Mr. SMITH of Virginia. I doubt if any of us are very familiar with the bill.
Mr. SCHULTE. Any of your producers can take it home with them, and we will be glad to hear them tomorrow or tomorrow night or Thursday or Thursday night.
Mr. SMITH of Virginia. We appreciate that, and a good many of us will want to take advantage of that opportunity.
Now, Mr. King, a good deal has been said here about shipments of milk from the West into this market. I take it you do not know anything about the price of milk in the West ?
Mr. King. Only from information that I have sought, when this investigation started, and that is that the cream that is coming on this market is not the fluid creams of those markets. It is merely the cream that is sold for butterfat at a ridiculously low price that can afford to come on this market.
The fluid cream channels of the western milk could not come on this market and compete with us.
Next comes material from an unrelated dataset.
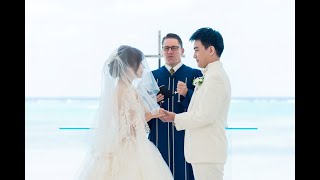 [中文字幕] 浩哲&昱妡沖繩婚禮Okinawa Wedding Ceremony @2018.10.21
Mr. Smith of Virginia. Now, the object of this bill, as I understand it, not having had the opportunity of studying it, is to open up the Washington market for western shippers. Under the present law do you know of any reason why any legitimate shipper, who can comply with that law and get his dairy inspected by the health officer here, do you know of any Chinese wall or other obstacle to his coming onto this market and selling here?
Mr. King. I do not.
Mr. SMITH of Virginia. As a matter of fact, you were asked by Mr. Schulte whether or not independent shippers were not excluded from this market. As a matter of fact, in your State, on what is known as the Eastern Shore, are there not quite a large number of shippers who have recently come on this market?
Mr. King. From the best understanding I can get, more independent producers have come on this market in 1937 and 1938 than there were cooperative producers coming on this market.
For that reason, I cannot see where there has been any wall against any producer coming on this market, whether he be small or big.